The prevalence of gallstones during pregnancy can be as high as 12%, and biliary disease is the second most common cause of abdominal surgery in pregnancy.  Laparoscopic cholecystectomy and endoscopic retrograde cholangiopancreatography (ERCP) have previously been shown to be safe and effective treatments for complicated biliary disease during pregnancy, as supported by SAGES Guidelines.  The authors have experience performing one-step laparoscopic cholecystectomies with intraoperative ERCP, and we present the management of choledocholithiasis in two pregnant patients.

CASE 1:

A 20 year old female, gravida 1, para 0, 8 weeks 1 day pregnant, presented to the emergency department for the third time with right upper quadrant abdominal pain and tenderness, nausea, and vomiting for 1 day.  An abdominal ultrasound revealed cholelithiasis, choledocholithiasis, and a 9.8 millimeter common bile duct.  She had elevated liver enzymes and lipase, no leukocytosis, and total bilirubin 1.2 mg/dL.  Her total bilirubin continued to rise to 3.6 mg/dL, and a one-step diagnostic laparoscopy and ERCP was performed on hospital day 3.  Intra-operatively, no gallbladder was found, though the patient had very dilated common hepatic and common bile ducts.  An intra-operative ERCP confirmed the diagnosis of congenital gallbladder agenesis, and multiple stones were removed from the common bile duct following sphincterotomy.  The patient was discharged on hospital day 5 after an uneventful post-operative course, and her healthy child was delivered at 34 weeks 0 days.

CASE 2:

A 27 year old female, gravida 4, para 3, 34 weeks 2 days pregnant, presented to the emergency department for the seventh time with right upper quadrant abdominal pain and tenderness, nausea, and vomiting.  Her liver enzymes, lipase, and white blood cell count were normal.  Abdominal ultrasound revealed a 12 millimeter common bile duct, and MRCP revealed a 7 millimeter stone in the distal common bile duct.  After discussion with the patient, an ERCP with sphincterotomy and stent placement was performed on hospital day 4, and she was discharged home. She delivered a healthy infant at 39 weeks 1 day.  Two days following delivery, she underwent a one-step laparoscopic cholecystectomy and ERCP for stent removal.  Her post-operative course was uneventful.

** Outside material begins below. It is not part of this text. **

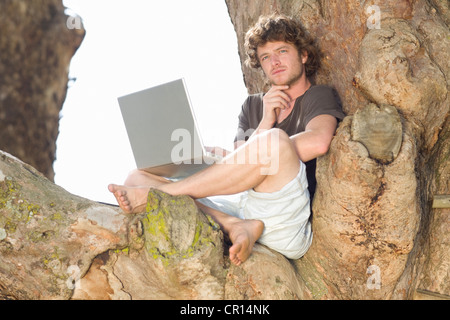 Pensive man using laptop in tree Stock Photo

Total fluoroscopy times were 6 and 3 seconds, respectively. The surgeon who performs both laparoscopy and ERCP can potentially reduce both complications and the number of separate procedures that a patient will undergo for diagnoses such as choledocholithiasis.  This is advantageous for all patients, but is especially beneficial for pregnant patients.